The subsidiary announced the cuts Thursday in a letter to Cruise’s 3,800 workers from President and Chief Technology Officer Mo Elshenawy, who wrote that the layoffs are not the fault of the workers.
The job cuts come a day after Cruise confirmed that nine key leaders are no longer with the company amid an ongoing investigation into an October crash involving one of its driverless robotaxis that forced it to suspend operations.
“We are simplifying and focusing our efforts to return with an exceptional service in one city to start with,” Elshenawy wrote. “As a result of our decision to slow down commercialization, we are restructuring to focus on delivering the improvements to our tech and vehicle performance that will build trust in our AVs [autonomous vehicles],” the letter said.
The employment actions come following an initial analysis of the Oct. 2 crash and the company response after a Cruise robotaxi ran over and injured a pedestrian who had been hit by another vehicle driven by a human. The Cruise vehicle then dragged the pedestrian to the side of the road.
California regulators have alleged that Cruise covered up the severity of the October crash—which could result in a potential penalty of roughly $1.5 million. The robotaxi service is also being investigated by U.S. auto safety regulators after separately receiving reports of potential risks to pedestrians and passengers.
Employees were to be notified by email Thursday if they have been let go. The letter said they would stay on the payroll through Feb. 12 and are eligible for another eight weeks of pay. Long-term employees will get another two weeks of pay for every year at the company over three years, the letter said.
“This is one of the hardest days we’ve had so far because so many talented people are leaving,” Elshenawy wrote.
The executive departures included leaders in from legal, government affairs, commercial operations and safety and systems teams, Cruise said. The announcements come just weeks after Kyle Vogt resigned as Cruise’s CEO.
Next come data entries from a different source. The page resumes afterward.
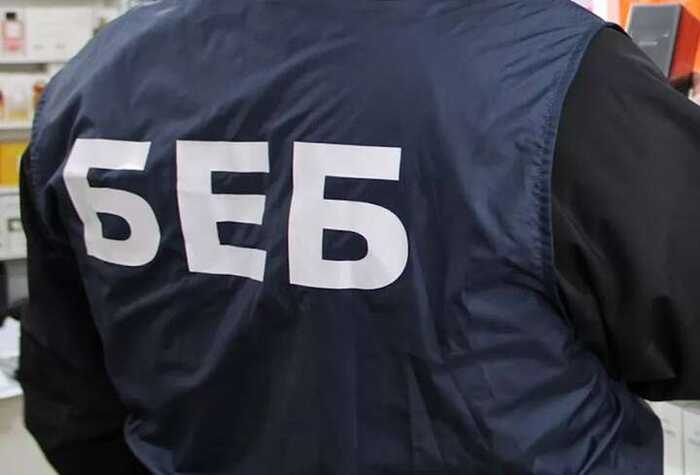 Експрокурор Віктор Чорний живе в елітному маєтку та їздить на люксових авто матері: реальні ціни занижені у десятки разів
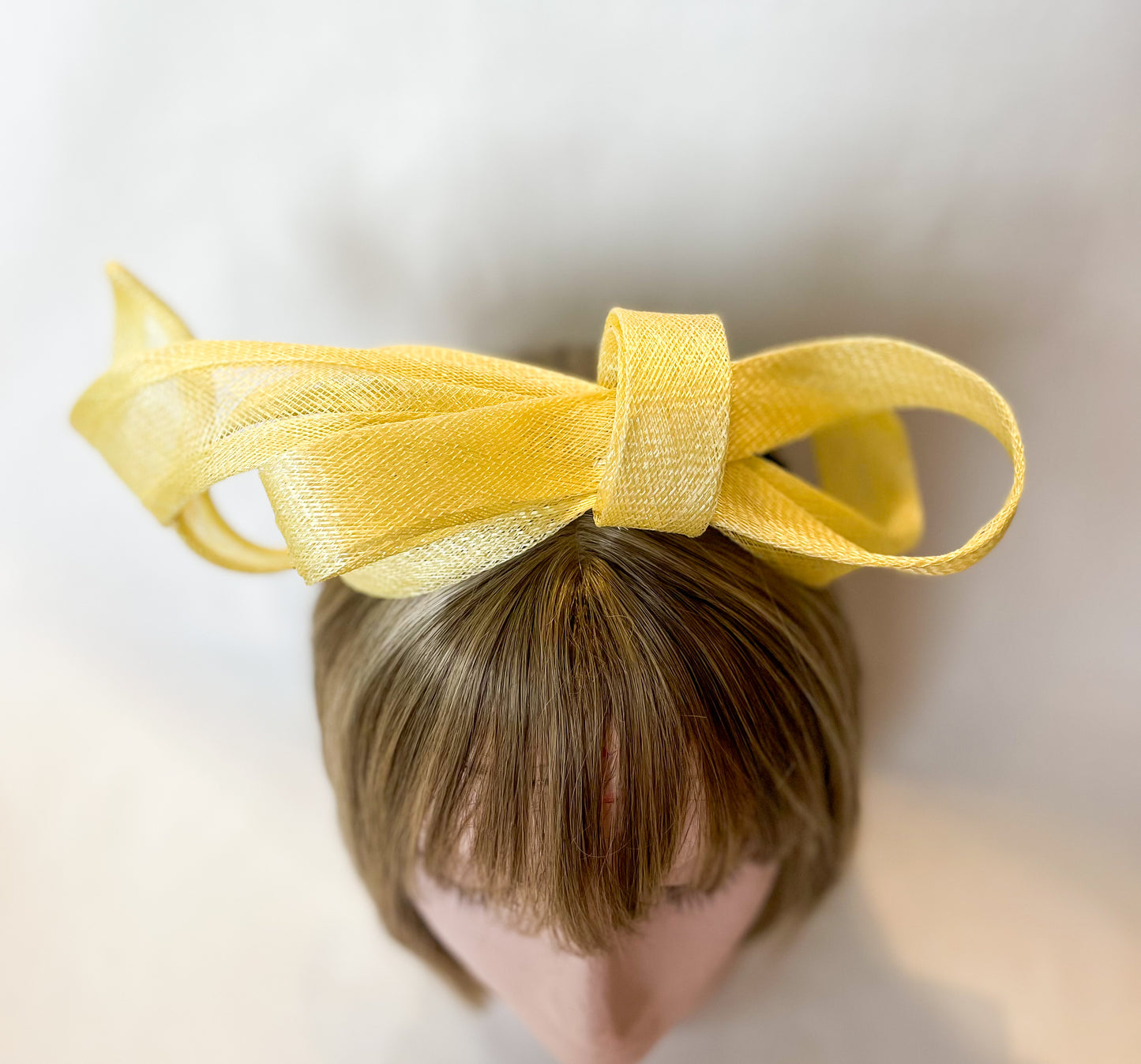 Lemon bow detail fascinator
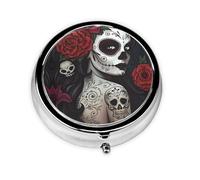 Diseño de calavera y huesos cruzados. Este pequeño pastillero redondo de viaje de tres compartimentos es perfecto para almacenar medicamentos diarios, vitaminas y sobre la marcha.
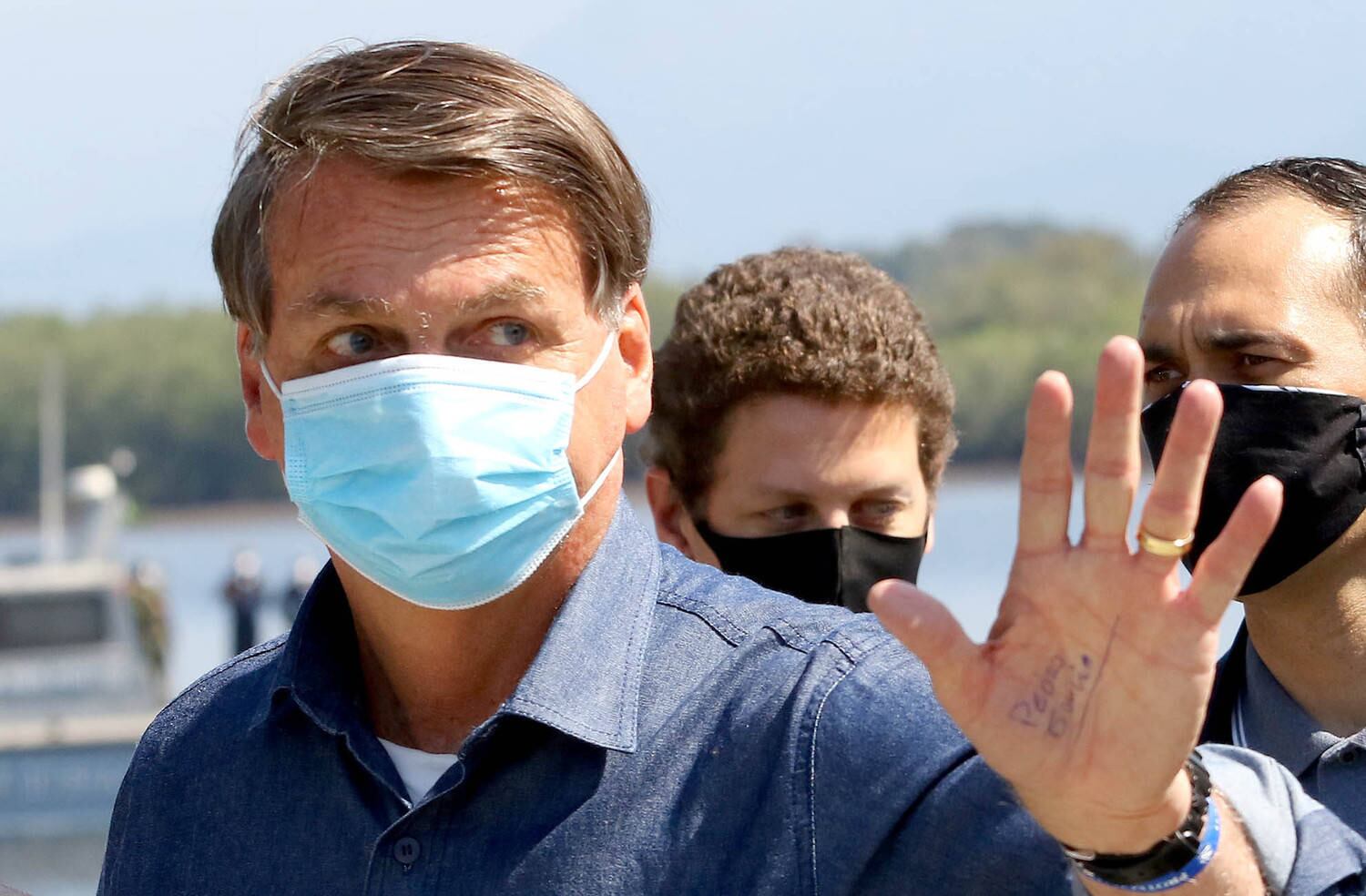 Bolsonaro assina novo marco do transporte marítimo costeiro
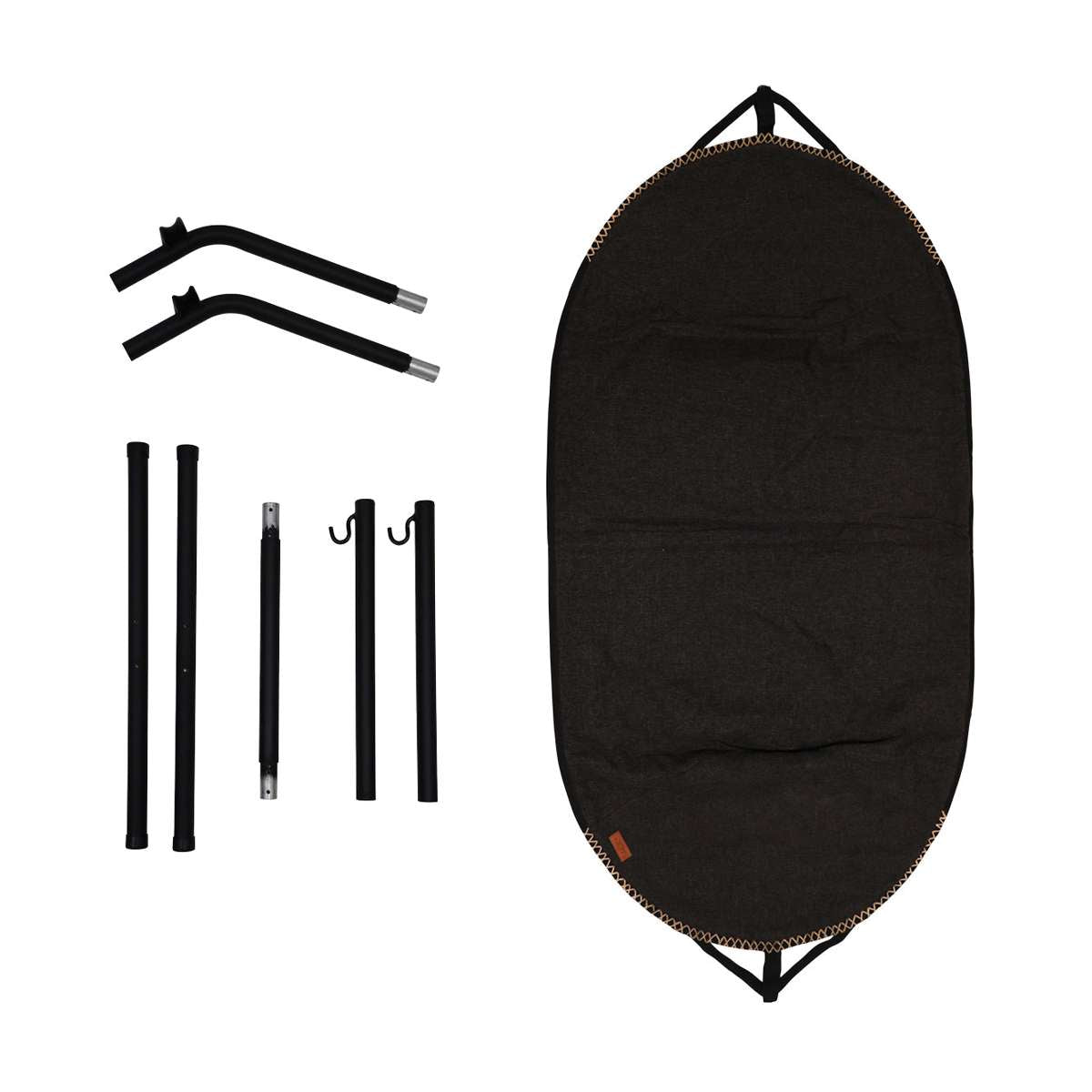 Zwarte Cobana hangmat van sackit met bijbehorende bevestigingsonderdelen voor gebruik in de tuin of op het terras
Cruise has faced significant turmoil over recent months. Weeks following the October mishap, California’s Department of Motor Vehicles effectively shut down the robotaxi service by suspending its license to operate in the state.
Cruise announced it would be pausing driverless operations for a review by independent experts and later recalled all 950 of its cars to update software.
General Motors has absorbed huge losses during the development of the driverless service that was supposed to generate $1 billion in revenue by 2025, with plans to expand beyond San Francisco.
GM plans a slowdown in spending at Cruise, which it bought eight years ago. During the first nine months of this year Cruise posted pretax losses of $1.9 billion.